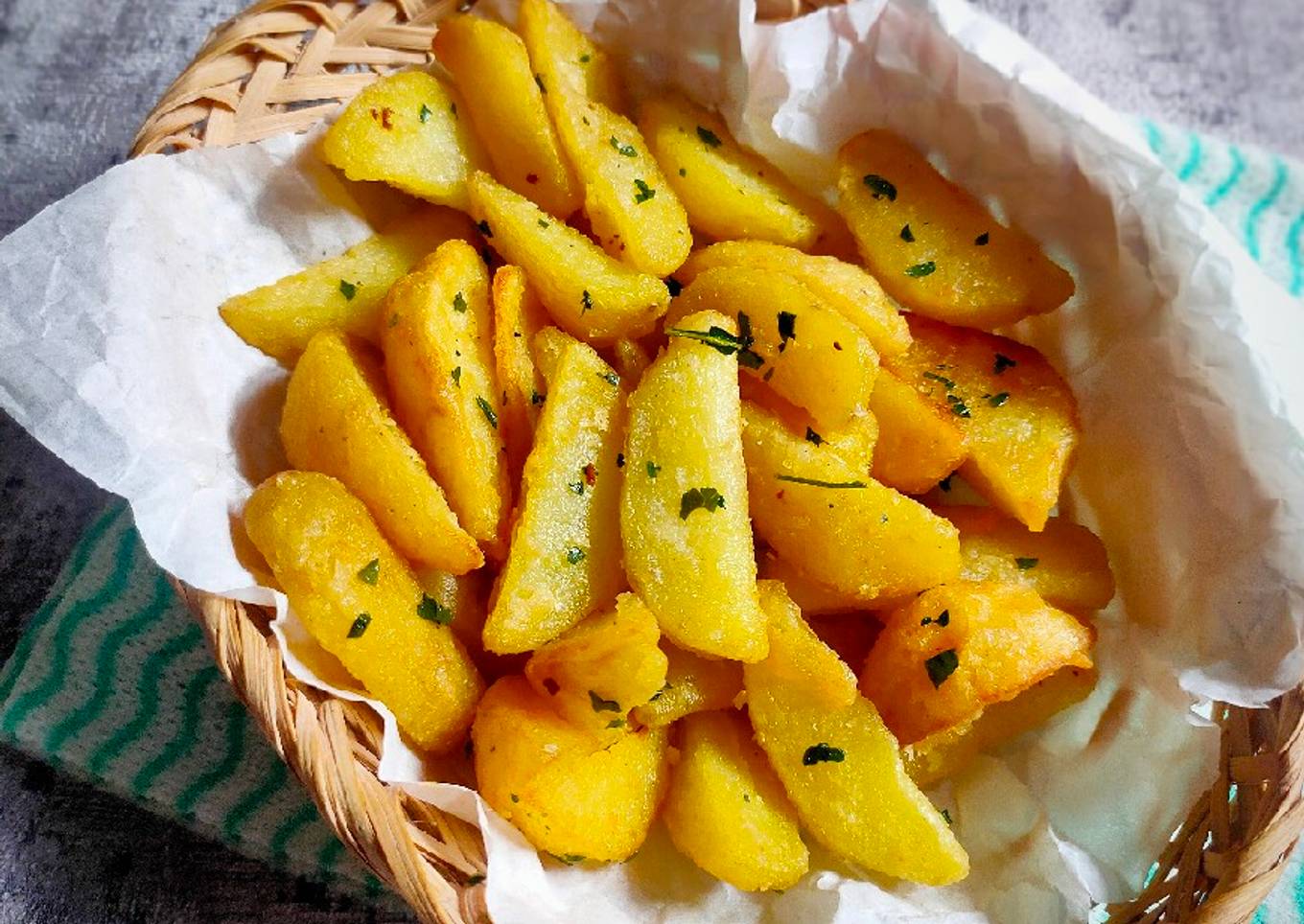 Kentang goreng daun jeruk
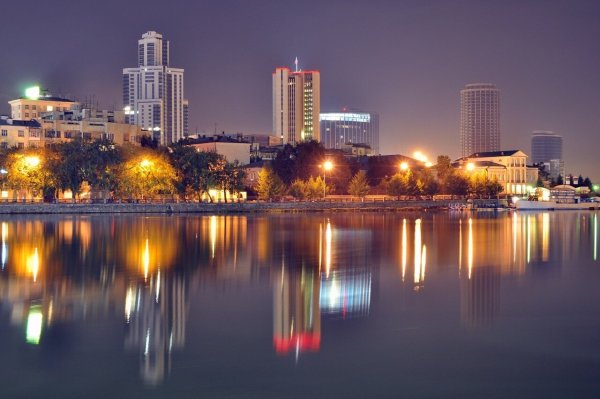 Ночной летний Екатеринбург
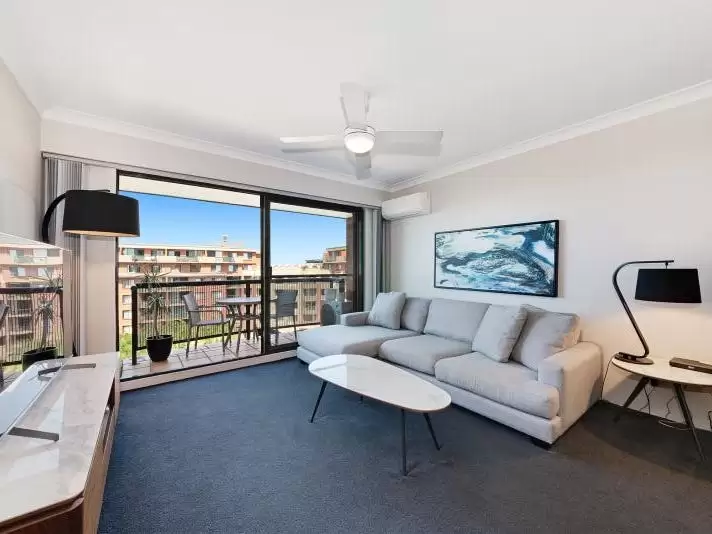 9710/177-219 Mitchell Road, Erskineville Leased by Raine & Horne Randwick | Coogee | Clovelly - image 2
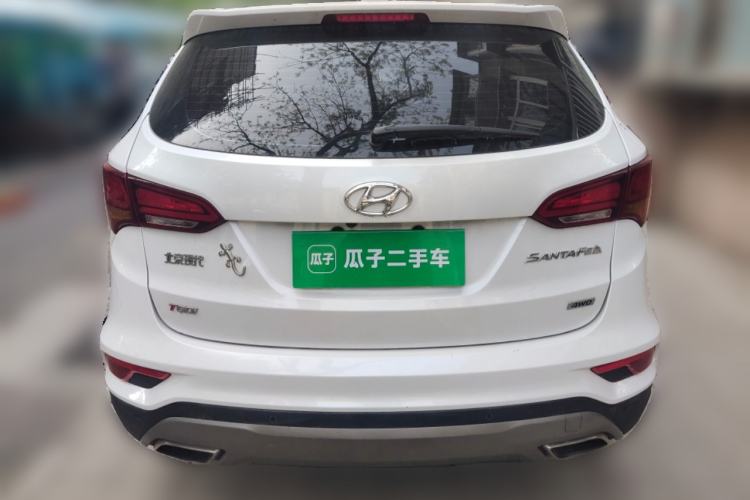 Used Hyundai Santa Fe 2017 2.0T Automatic All-Wheel Drive Smart 7-Seater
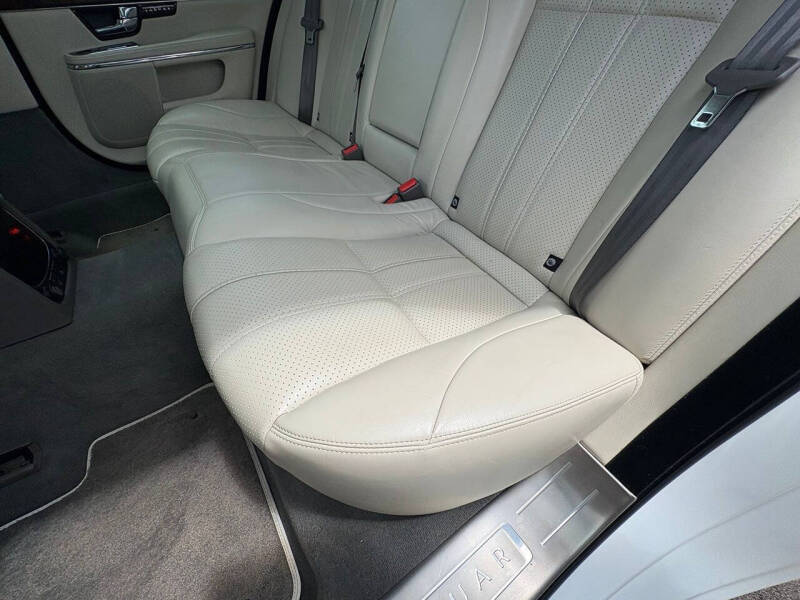 2012 Jaguar XJ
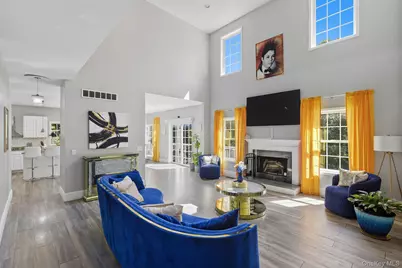 153 Shagbark Lane, Hopewell Junction, NY 12533 - Photo 15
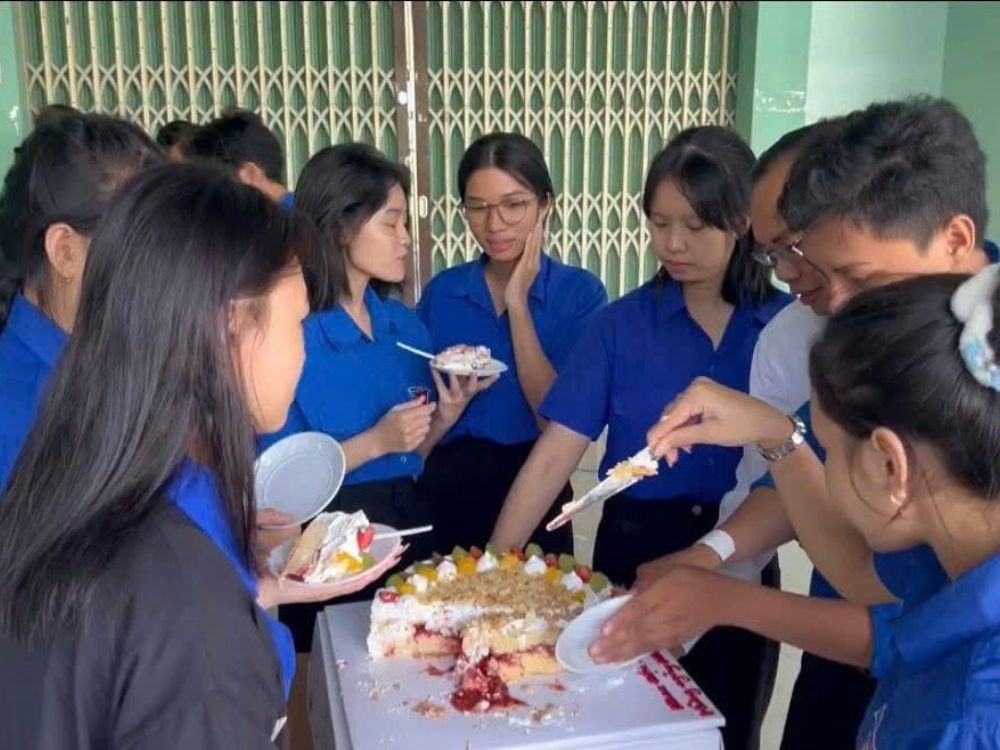 Khoảnh khắc gắn kết giữa Thầy và Trò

——

- WHAT TO DO -
Your answer must be the lines from the one containing "Used Hyundai Santa" through the last line of the listing above, restated word for word, with no pictures.

- ANSWER SECTION -
 Used Hyundai Santa Fe 2017 2.0T Automatic All-Wheel Drive Smart 7-Seater
 2012 Jaguar XJ
 153 Shagbark Lane, Hopewell Junction, NY 12533 - Photo 15
 Khoảnh khắc gắn kết giữa Thầy và Trò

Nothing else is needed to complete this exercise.